Cage: Sounds of Venice

Program Note

John Cage (1912-1992)
Sounds of Venice (1959)

Many of the fundamental ideas of John Cage’s later compositional practices emerged in his earlier years. He entered Pomona College as a theology major in 1928, and describes in his autobiographical statement why he left soon after:

“I was shocked at college to see one hundred of my classmates in the library all reading copies of the same book. Instead of doing as they did, I went into the stacks and read the first book written by an author whose name began with Z. I received the highest grade in the class. That convinced me that the institution was not being run correctly. I left.”

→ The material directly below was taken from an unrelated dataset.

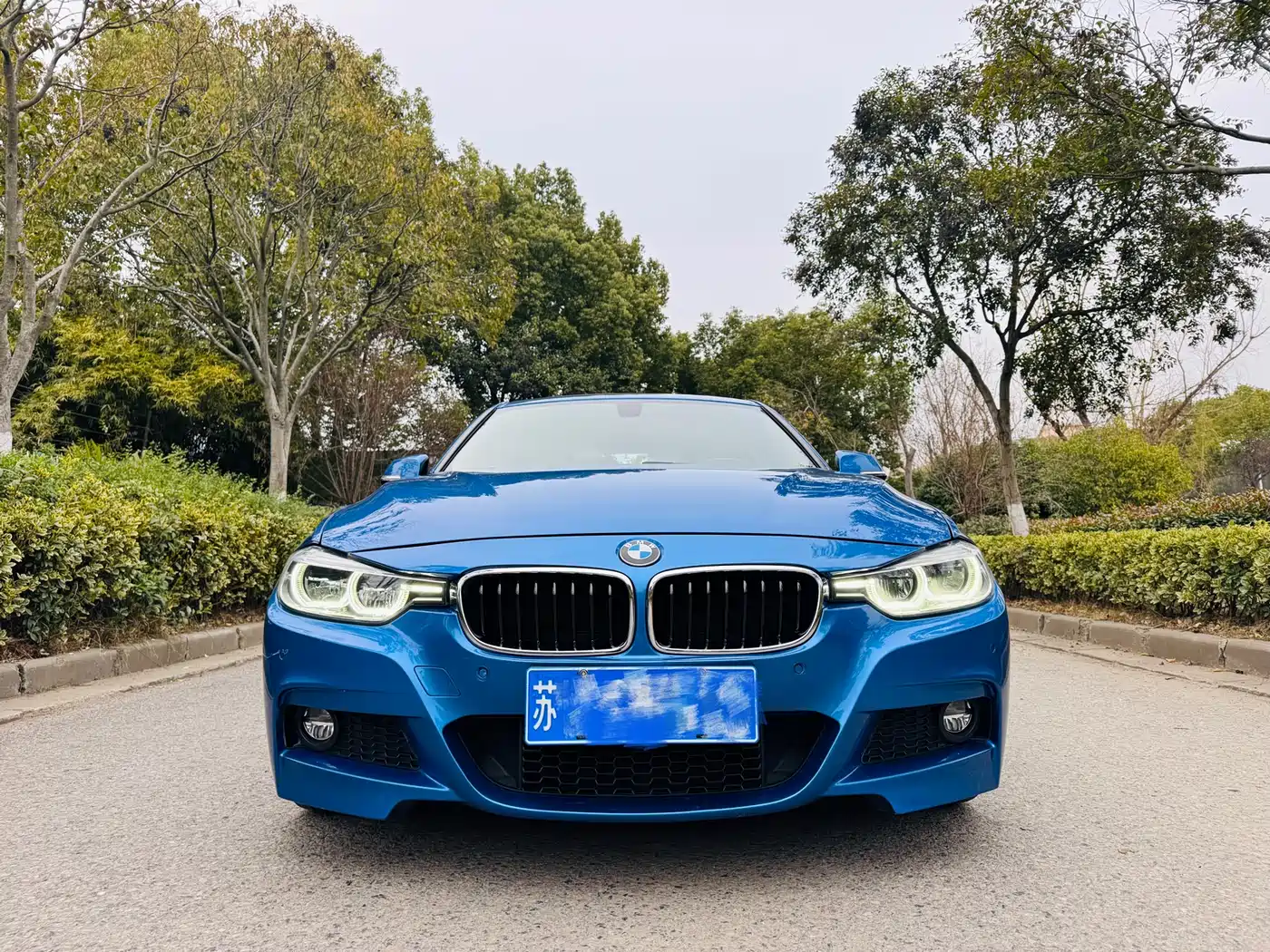 BMW 3 Series 2017 320Li M Sport фото 2
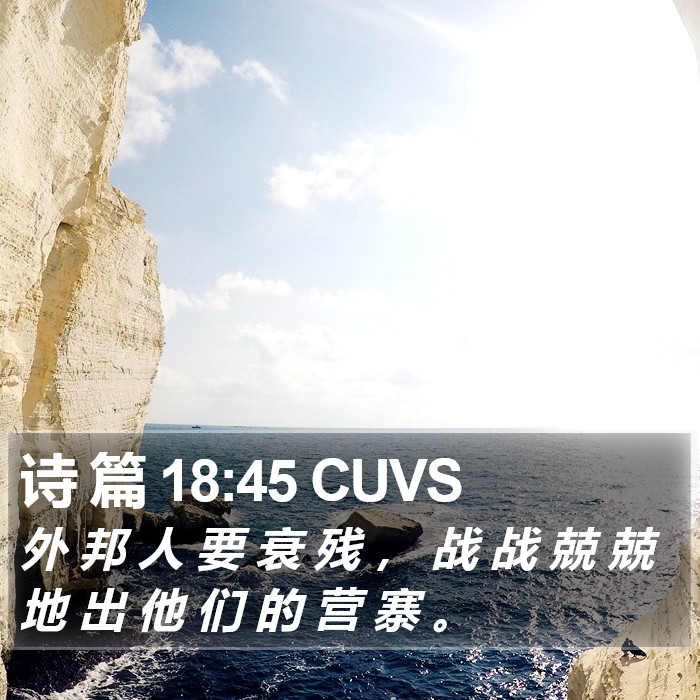 诗 篇 18:45 CUVS Bible Study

Decades later, Cage would become a pioneer of indeterminacy in composition and in performance, where elements of the music are left up to chance or to the whim of the players. In 1951, Cage acquired the first English translation of the I Ching [Book of Changes], the Chinese symbol system designed for divination. Much of his subsequent work used operations based on pages from the I Ching to which Cage would randomly flip, including Imaginary Landscape No. 4 (1951) for 12 radio receivers, Music of Changes (1951) for piano, and, later, Cheap Imitation. He also composed using star charts in his Etudes Australes (1975) for piano and Atlas Eclipticalis (1962) for orchestra. Cage’s most ambitious work involving chance procedures was Europeras I & 2 (1987), which uses the I Ching to generate every aspect of the production—libretto, score, costumes, sets, lighting, “plot”—based on a database of over 100 classic European operas. According to Cage, his use of the technique allowed a piece to be performed in chaotically different ways, and also fulfilled his intention to “let things be themselves.”